CloudNative PG Backups
Overview
CloudNative PG provides PostgreSQL-specific backup capabilities that ensure database consistency and enable point-in-time recovery (PITR). Unlike generic volume backups, PostgreSQL backups require special handling to maintain transactional integrity.

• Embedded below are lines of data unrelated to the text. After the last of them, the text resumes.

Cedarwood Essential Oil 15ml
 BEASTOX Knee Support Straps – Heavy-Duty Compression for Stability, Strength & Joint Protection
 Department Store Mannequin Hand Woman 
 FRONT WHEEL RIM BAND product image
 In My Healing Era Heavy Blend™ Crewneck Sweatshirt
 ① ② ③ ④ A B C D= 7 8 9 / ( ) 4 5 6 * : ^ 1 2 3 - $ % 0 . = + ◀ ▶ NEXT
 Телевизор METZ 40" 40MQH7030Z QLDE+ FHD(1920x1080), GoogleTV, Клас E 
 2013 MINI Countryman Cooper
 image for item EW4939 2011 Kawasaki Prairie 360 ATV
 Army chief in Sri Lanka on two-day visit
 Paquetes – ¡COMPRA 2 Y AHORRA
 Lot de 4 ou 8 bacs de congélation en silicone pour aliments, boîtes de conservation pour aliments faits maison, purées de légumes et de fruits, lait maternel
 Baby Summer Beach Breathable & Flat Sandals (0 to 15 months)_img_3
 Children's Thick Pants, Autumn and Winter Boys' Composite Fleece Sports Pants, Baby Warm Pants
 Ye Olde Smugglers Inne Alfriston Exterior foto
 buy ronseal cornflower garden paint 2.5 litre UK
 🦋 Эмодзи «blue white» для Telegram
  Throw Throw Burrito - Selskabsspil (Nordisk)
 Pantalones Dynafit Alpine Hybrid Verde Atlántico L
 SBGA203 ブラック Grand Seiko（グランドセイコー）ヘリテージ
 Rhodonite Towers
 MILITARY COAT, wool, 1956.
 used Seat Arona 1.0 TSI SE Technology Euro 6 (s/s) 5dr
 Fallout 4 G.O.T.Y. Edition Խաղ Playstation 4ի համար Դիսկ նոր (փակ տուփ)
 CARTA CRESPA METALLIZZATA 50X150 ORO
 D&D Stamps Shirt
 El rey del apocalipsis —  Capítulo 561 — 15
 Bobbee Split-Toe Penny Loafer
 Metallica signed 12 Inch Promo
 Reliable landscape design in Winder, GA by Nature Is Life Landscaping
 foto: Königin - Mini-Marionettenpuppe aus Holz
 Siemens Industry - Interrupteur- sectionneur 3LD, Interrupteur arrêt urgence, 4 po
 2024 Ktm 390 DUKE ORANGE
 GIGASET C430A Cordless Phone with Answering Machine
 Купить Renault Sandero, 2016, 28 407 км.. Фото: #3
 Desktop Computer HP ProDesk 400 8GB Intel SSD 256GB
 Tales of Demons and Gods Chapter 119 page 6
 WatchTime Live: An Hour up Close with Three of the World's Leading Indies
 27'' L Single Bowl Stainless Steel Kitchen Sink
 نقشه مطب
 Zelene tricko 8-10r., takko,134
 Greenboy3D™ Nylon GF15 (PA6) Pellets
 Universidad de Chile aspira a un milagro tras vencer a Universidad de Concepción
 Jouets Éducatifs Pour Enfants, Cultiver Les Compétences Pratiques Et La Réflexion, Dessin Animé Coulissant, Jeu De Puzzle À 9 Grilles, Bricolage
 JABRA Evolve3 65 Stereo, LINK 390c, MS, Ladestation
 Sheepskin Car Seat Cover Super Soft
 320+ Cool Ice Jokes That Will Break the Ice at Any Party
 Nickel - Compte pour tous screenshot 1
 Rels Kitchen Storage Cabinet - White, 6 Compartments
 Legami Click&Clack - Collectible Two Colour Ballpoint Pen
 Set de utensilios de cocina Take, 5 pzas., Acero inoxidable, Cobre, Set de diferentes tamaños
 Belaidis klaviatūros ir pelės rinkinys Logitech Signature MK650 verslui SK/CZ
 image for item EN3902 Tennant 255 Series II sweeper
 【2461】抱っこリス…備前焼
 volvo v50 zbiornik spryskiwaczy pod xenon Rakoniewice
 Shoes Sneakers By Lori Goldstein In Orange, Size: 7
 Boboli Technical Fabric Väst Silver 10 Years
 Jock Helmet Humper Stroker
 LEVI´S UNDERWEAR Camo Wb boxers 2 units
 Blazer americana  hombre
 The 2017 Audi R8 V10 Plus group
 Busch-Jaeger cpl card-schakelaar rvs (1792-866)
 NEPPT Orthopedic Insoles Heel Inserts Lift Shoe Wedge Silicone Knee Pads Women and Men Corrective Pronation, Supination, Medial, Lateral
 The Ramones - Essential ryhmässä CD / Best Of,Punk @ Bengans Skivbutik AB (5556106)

Why PostgreSQL Backups Are Different
PostgreSQL databases need consistent snapshots that account for:
- Transaction isolation: Backups must capture a consistent state across all tables
- Write-Ahead Logging (WAL): Transaction logs enable point-in-time recovery
- Concurrent operations: Backups must handle active transactions without blocking
- Data integrity: Ensures no partial transactions or corrupted data
CloudNative PG handles these requirements automatically through physical backups and WAL archiving.
Backup Types
CloudNative PG supports two backup mechanisms:
- Base Backups: Full physical backups of the database cluster (snapshots)
- WAL Archiving: Continuous archiving of Write-Ahead Log files for PITR
Together, these enable:
- Full cluster restores from base backups
- Point-in-time recovery to any moment after the first base backup
- Continuous protection with minimal data loss
Prerequisites
Before configuring backups, ensure you have:
- CloudNative PG operator installed (see CloudNative PG Setup)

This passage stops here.